The cancellation came after the disclosure of a critical memo.
AMMAN, Jordan -- By the time President Bush's long motorcade roared up the private road to King Abdullah II's hillside palace, the Iraqi prime minister's motorcade had already roared down it.
So much for the first of two high-expectation meetings between Bush and Nouri al-Maliki.
Accounts varied on who canceled Wednesday's three-way meeting -- and why.
But it was generally viewed as a bad omen for efforts to find a new strategy for controlling spiraling violence in Iraq.
The cancellation came on the same day as disclosure of a classified White House document critical of Maliki and a political boycott in Baghdad protesting his attendance.

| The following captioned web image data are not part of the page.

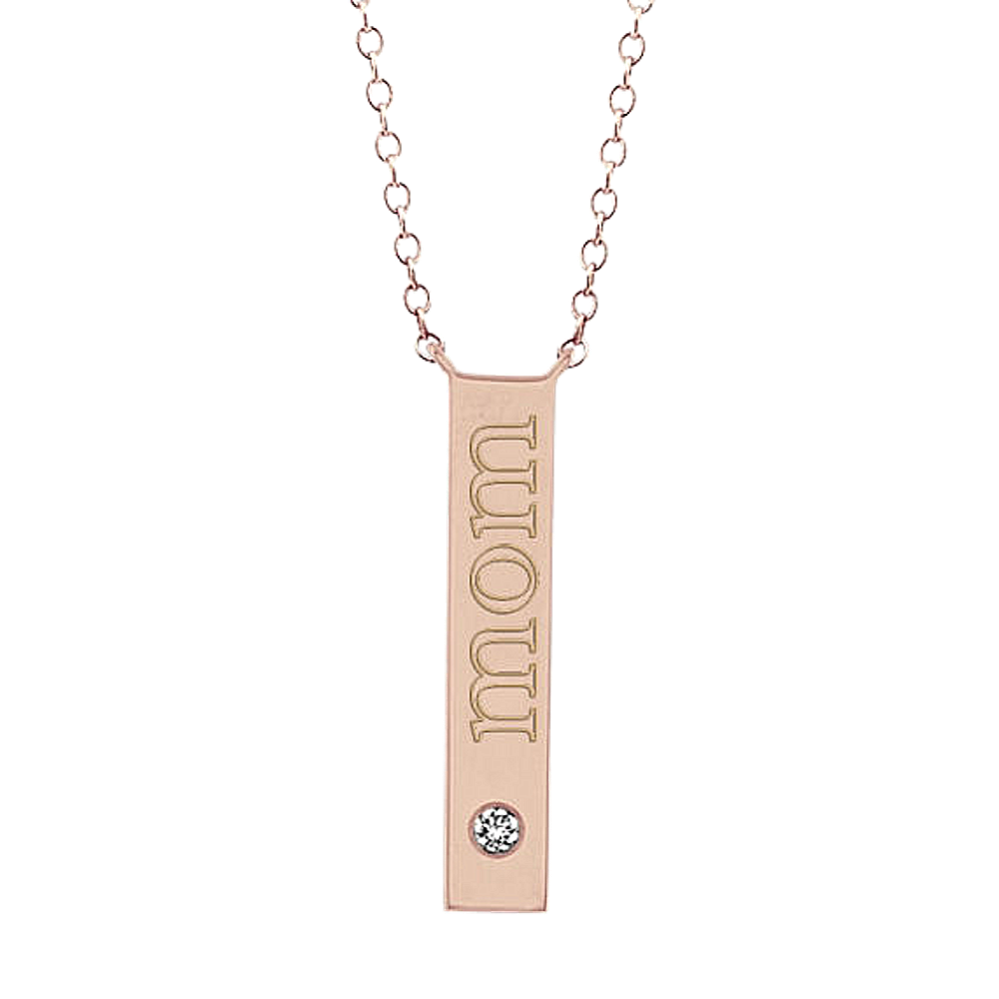 Charleston Diamond Vertical Bar Pendant in 14K Rose Gold (18'')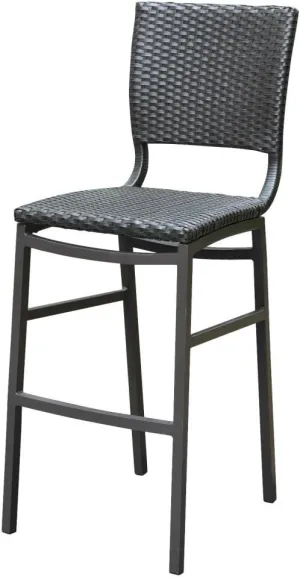 International Caravan 523690 Wicker Resin/Aluminum Patio Bar Stool, Set of 2, Black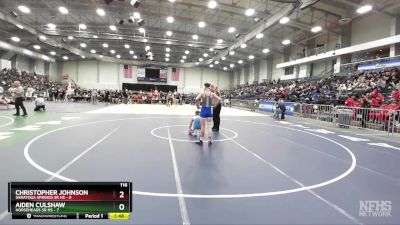 116 lbs Round 1 (3 Team) - Aiden Culshaw, Horseheads Sr HS vs Christopher Johnson, Saratoga Springs Sr HS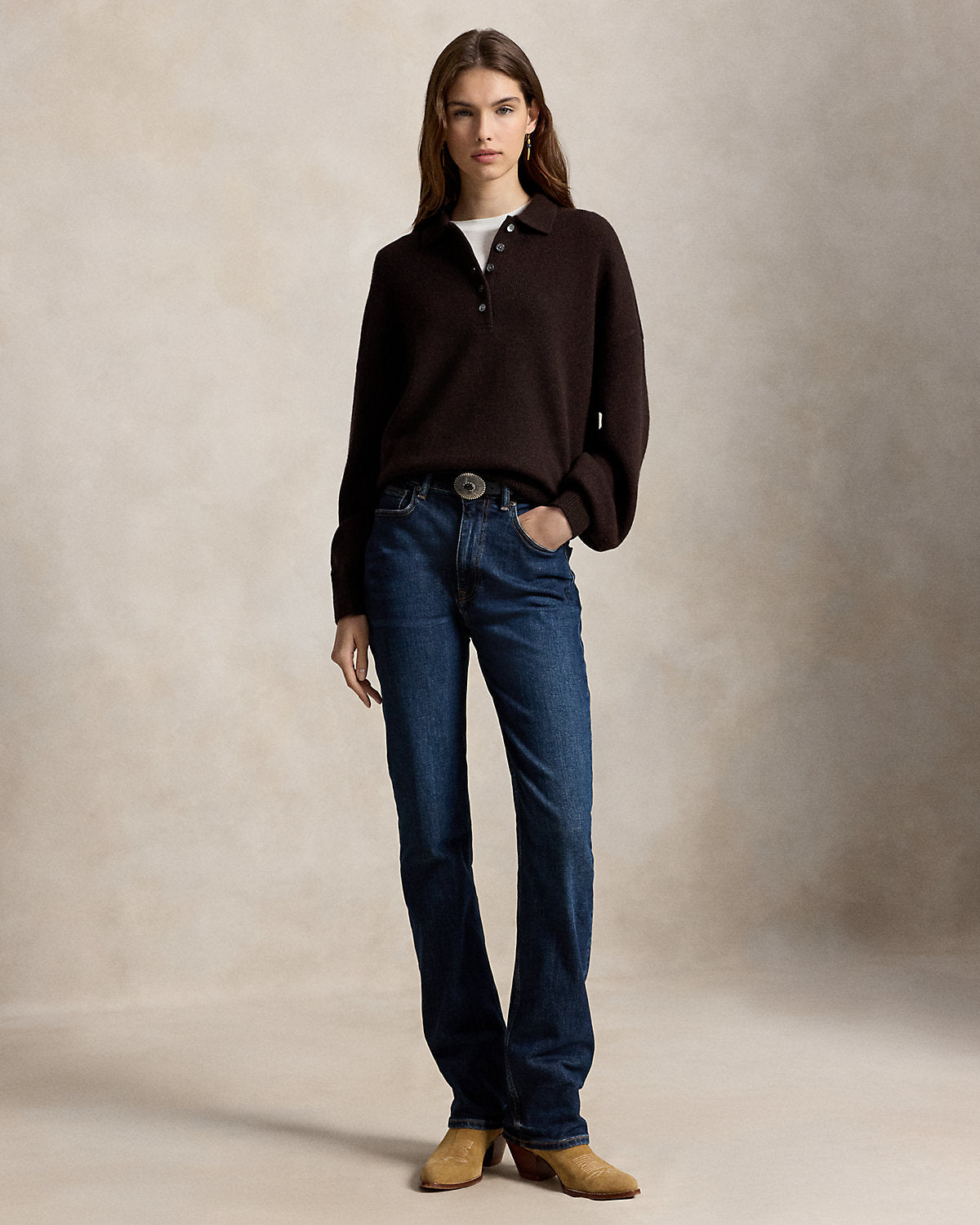 Polo-Collar Cashmere Sweater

Instead of two days of talks, Bush and al-Maliki will have breakfast and a single meeting followed by a news conference this morning, the White House said.
The abrupt change was an almost unheard development in the high-level diplomatic circles of a U.S. president, a king and a prime minister. There was confusion -- and conflicting explanations -- about what happened.
Bush had been scheduled to meet with al-Maliki and Jordan's King Abdullah on Wednesday night, and had rearranged his schedule to be in Amman for both days for talks.
The cancellation was not announced until Bush had already come to Raghadan Palace and posed for photographs alone with the king.
White House counselor Dan Bartlett denied that the delay was a snub by al-Maliki directed at Bush or was related to the leak of a memo written by White House national security adviser Stephen Hadley questioning the prime minister's capacity for controlling violence in Iraq.
"Absolutely not," Bartlett said." He said the king and the prime minister had met before Bush arrived from a NATO summit in Latvia. "That negated the purpose to meet tonight together in a trilateral setting."
A senior administration official, who spoke with U.S. ambassador to Iraq Zalmay Khalilzad, basically echoed Bartlett's account.
The Jordanians and the Iraqis jointly decided it was not the best use of time because they both would be seeing the president separately, said the official.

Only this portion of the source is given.